If the condition of the elbow joint deteriorates despite comprehensive conservative treatment, a surgical solution must be initiated. Basically, possible operations on the elbow joint affected by the rheumatic process can be divided into several types:
Removal of the head of the radius
Many patients with rheumatic diseases in the elbow experience movement restrictions due to destruction of the head of the radius. Contraction of the biceps pulls the radius into the anterior partial dislocation. This restricts the flexion of the elbow. Partial dislocation is made possible by the destruction of ligaments by aggressive rheumatic tissue. In most cases, we combine removal of the proximal end of the radius with removal of the aggressive rheumatic tissue (synovectomy), which delays destruction of the entire joint.

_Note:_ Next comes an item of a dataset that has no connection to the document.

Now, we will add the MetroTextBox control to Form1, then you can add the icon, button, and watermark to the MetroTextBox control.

Endoprothresis for rheumatic diseases of the elbow
In certain cases, the removed head of the radius can be replaced with an endoprosthesis. Replacement of the storage head (on the outer side) helps to restore the physiological distribution of forces in the elbow joint, thus reducing the risk of overloading the inner side of the joint affected by the rheumatic process. The surgical procedure for salivary head removal sometimes includes careful reconstruction of the ligamentous apparatus. This prevents the complication of occurrence of partial dislocation of the joint.

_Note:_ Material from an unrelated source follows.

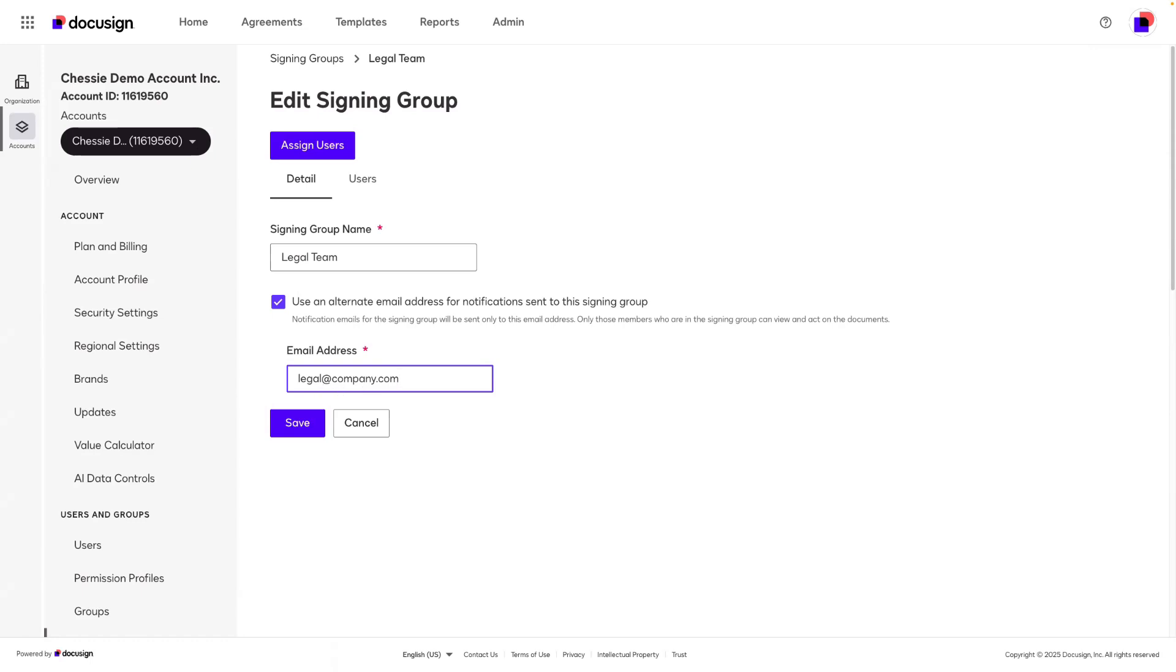Now, there are two things to note with this option. First, your signing group members do need to have access to this alternate email address that you add so that they can view the notifications. And second, your signing group members do need to have a DocuSign account in order to actually access the envelope from the notification that's sent to this alternate email address.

Removal of inflammatory joint tissue (synovectomy)
Early synovectomy is indicated if swelling, pain, or morning stiffness do not resolve after four to six months despite intensive conservative treatment. Delaying synovectomy is not appropriate for the elbow joint because of its tendency to restrict motion early. At the elbow, late synovectomy has no major significance and we perform it only in exceptional cases. Thus, it is a preventive procedure that, when properly timed, can significantly reduce the risk of joint destruction from the rheumatic process. We usually combine synovectomy of the elbow joint with removal of the salivary head.
Arthroplasty (total endoprosthesis)
The removal of joint surfaces destroyed by rheumatic diseases (so-called arthroplasty) already took place at the turn of the 18. to the 19th century. The result at that time was a relatively painless, mobile, but rather unstable elbow. At 20th century, other tissues (e.g., skin or ligaments) were introduced into the joint and the lateral ligaments were preserved to keep the elbow stable. Nowadays, we perform these operations only when the implantation of an artificial joint is not possible. Implantation of an artificial joint by an internist gradually became the most commonly performed elbow joint arthroplasty. Today, we have modern implants that relieve the patient of pain and restore mobility in the joint and thus self-care.
Stiffening of the joint (arthrodesis)
The indications for arthrodesis of the elbow joint have become very narrow with the development of artificial joints. Arthrodesis can be performed only in severely damaged and wobbly joints in people for whom implantation of an artificial joint is not possible (most often in infectious complications).
Sometimes patients with rheumatism experience compression of an elbow nerve, or more rarely, a spinal nerve (known as Pannas palsy). If the patient’s discomfort is significant, specialists loosen the corresponding nerve.
Removal of rheumatic nodes by rheumatology
Removal of larger rheumatoid nodules located in the posterior aspect of the elbow is considered a clear indication for surgery. The lumps can make it difficult for the patient to rest on the elbow each time and are often painful. Outside the posterior region, another troublesome site is the edge of the proximal ulna and the inner side of the humerus, from where we remove rheumatoid nodules. Our team usually operates on an outpatient basis as part of day surgery under local anesthesia.